With Google’s dominance firmly established, many experiments followed. Some were successful and some weren’t; the Google Graveyard can serve as testament to that. Google’s latest experiment involves AI, as you might expect, since it’s one of the most promising (and controversial) advancements in technology in recent years. The new SGE, or Search Generative Experience, claims to enhance your search results and give you what you’re looking for more quickly, but what exactly is it? Let’s take a look at SGE and what it might mean for Google Search.

SGE: a beginner’s guide

As per Google’s own rundown of SGE, it’s intended to take “more of the work out of searching” so that you can find the results you’re looking for more quickly. Google gives the example of the question “what’s better for a family with kids under 3 and a dog, Bryce Canyon or Arches?”. 

Typically, a question like this would need to be broken down into constituent parts so that you could build an answer for yourself. However, according to Google, SGE will be able to take a question such as this one and answer it all at once, giving you a preliminary slate of information that you can base your decision on before going into further detail.

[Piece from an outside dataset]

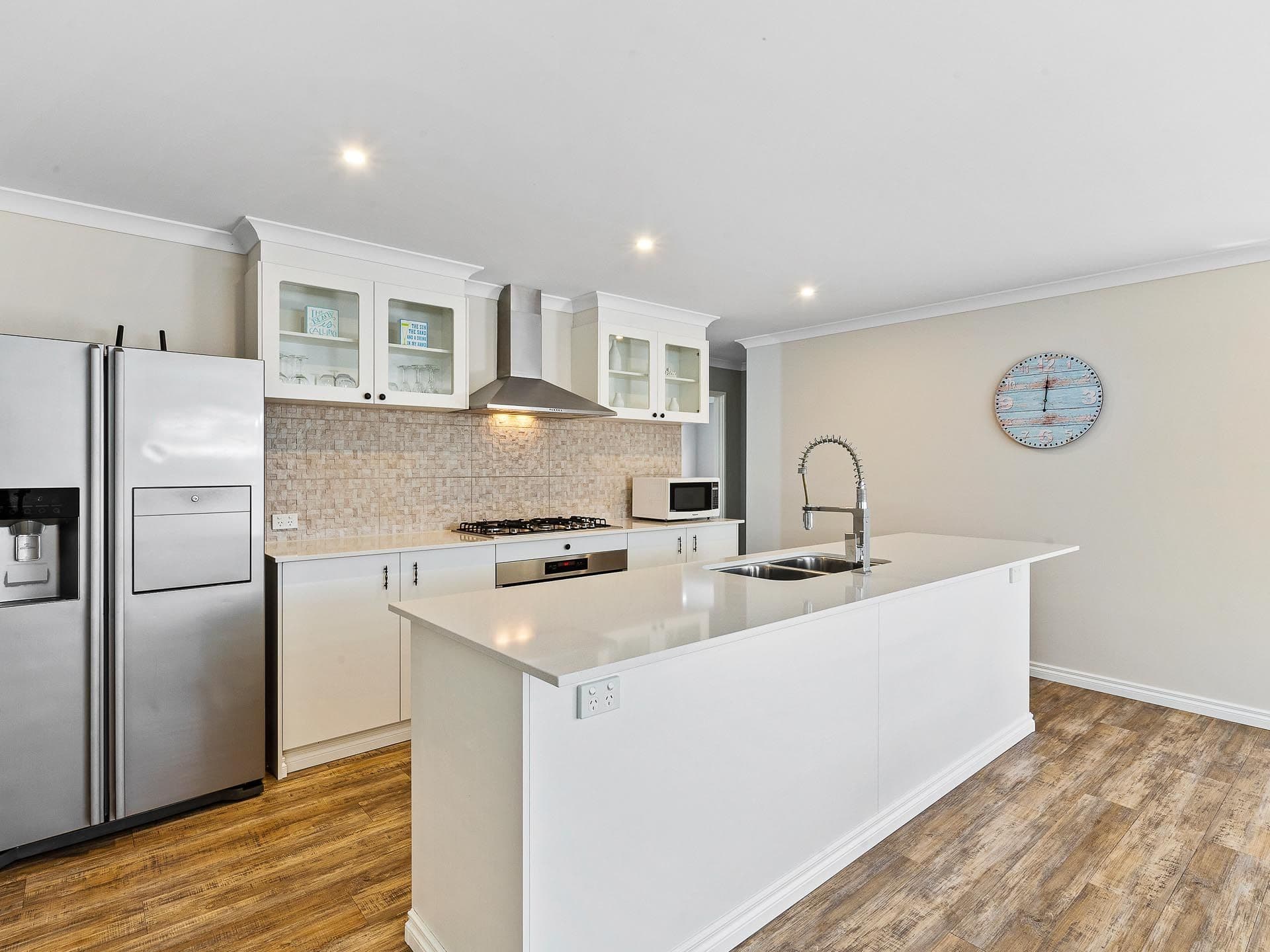 17 Stellaria Avenue, Halls Head WA 6210, Halls Head - Thumbnail 5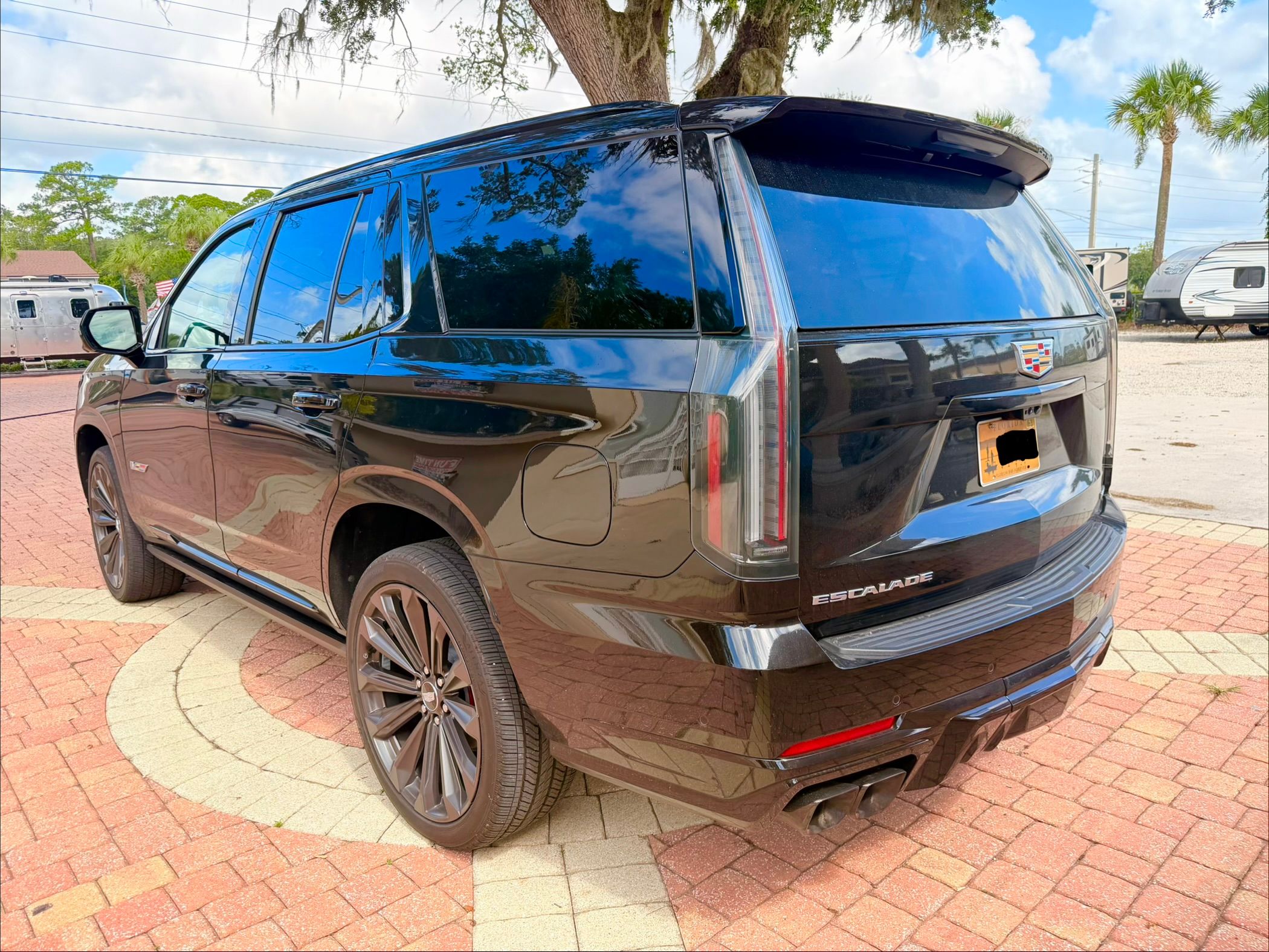 Used 2025 Cadillac Escalade V AWD/4WD image 6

First, you’ll see “an AI-powered snapshot of key information” that you can consider, complete with links that you can follow if you want to know more. As well as the links, you’ll also be shown followup questions that you can ask; in Google’s example, these questions include “how long to spend at Bryce Canyon with kids?” and “how many days do you need in Arches National Park for kids?”. Of course, you can imagine your own results being there instead.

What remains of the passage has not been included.